Being a newbie, this might be a stupid question. Can somebody tell why there is a difference in loss between Tensorflow & Pytorch? The initial TensorFlow loss seems almost twice than that of pytorch. It seems that this is true for a lot of the CNN architectures. Or are the network parameters initialized differently? (IMO, the default initializations of tensorflow layers are same as how we initialize the network in pytorch with d2l.init_cnn function, so that can’t be the difference). So what am I missing? Is there a difference in how loss is calculated?
Denote by F(e) the cumulative distribution function (CDF) for errors committed by networks of a given design space.
How to evaluate quantificationally the term ‘error’?
It looks like it is the percentage of misclassified samples, though neither this book nor the article that introduced the strategy (Designing Network Design Spaces) say explicitly what they mean by error.

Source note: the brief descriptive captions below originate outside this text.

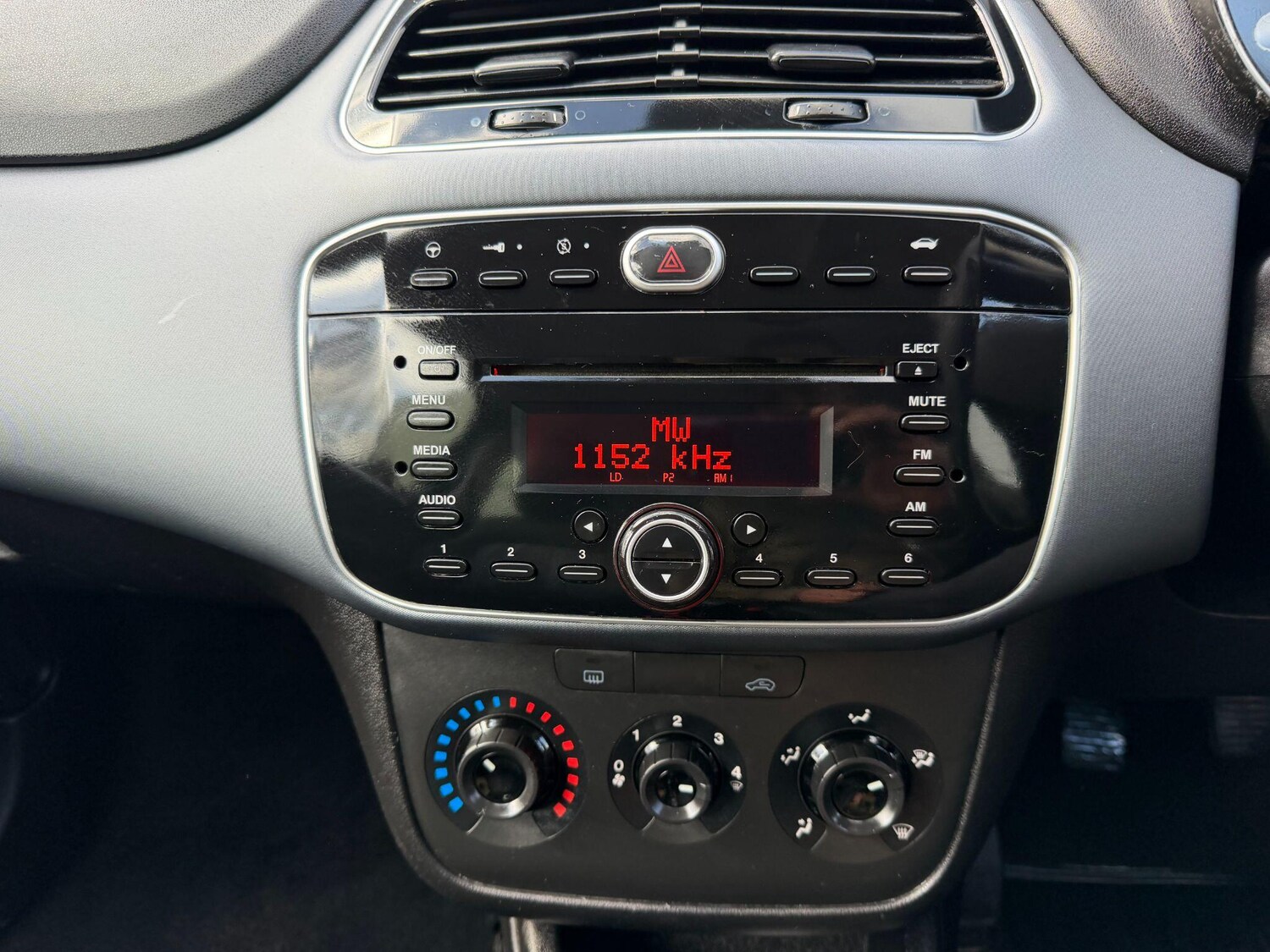 Used Fiat Punto Evo 2010 for sale - 77839668: Photo 24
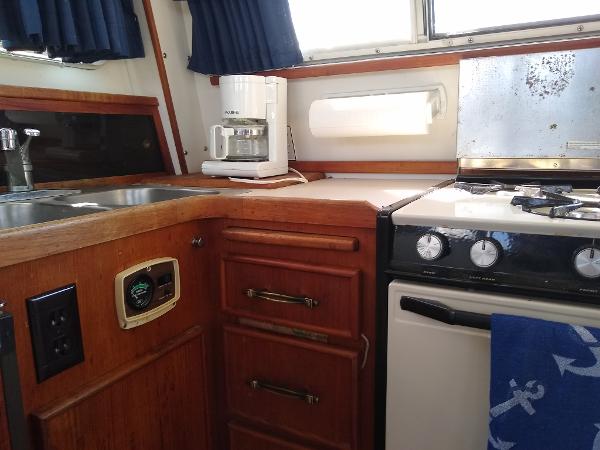 30' Tollycraft, Listing Number 100878754, - Photo No. 46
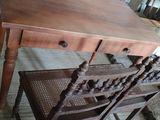 une table avec une chaise et une table sur laquelle se trouve un tiroir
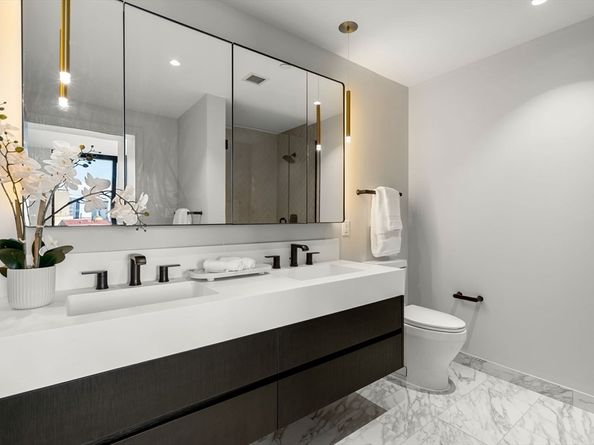 55 Lagrange St 1703, Boston MA 02116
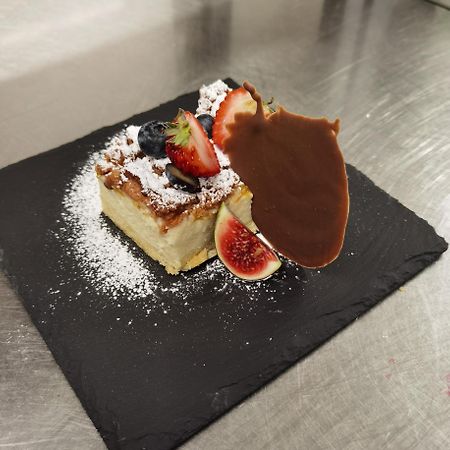 Hotel Olecki 오시비엥침 외부 사진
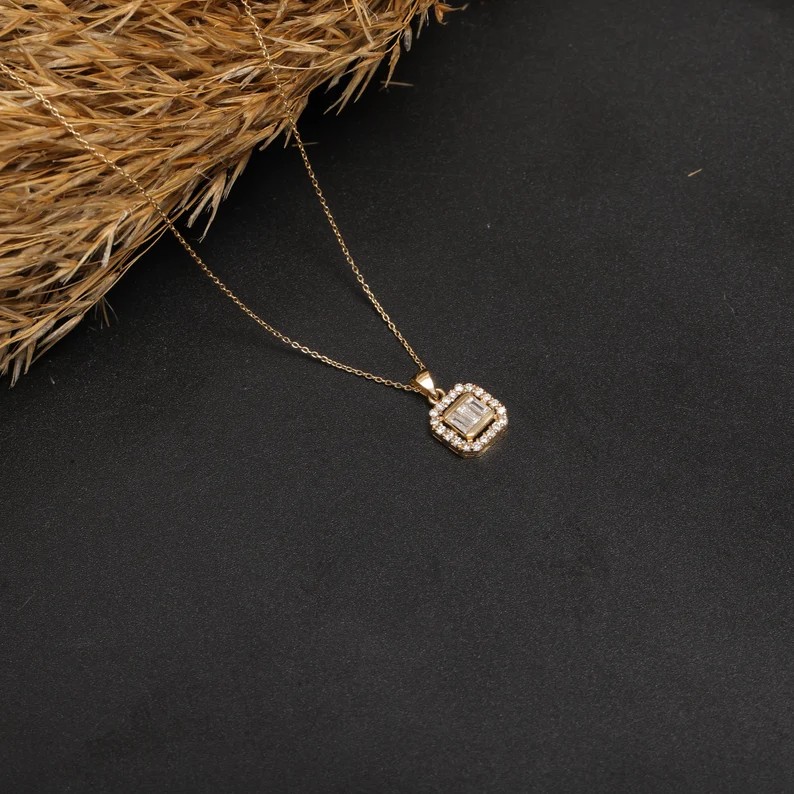 Design Diamond Necklace with Gold Baguette Stone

This is my study notes (in Chinese).
This chapter reminds me of electronics system designs - large design spaces, huge amount of publications on design case studies, but eventually brilliant researchers find physical/mathematical models. Abstractions are created and guiding principles are established.
This doesn’t seem to be the case for deep learning (yet). I feel like folks are probably wasting huge amount of resources running sub-optimal trainings/explorations, where the elegant/fundamental but difficult work is not approached enough.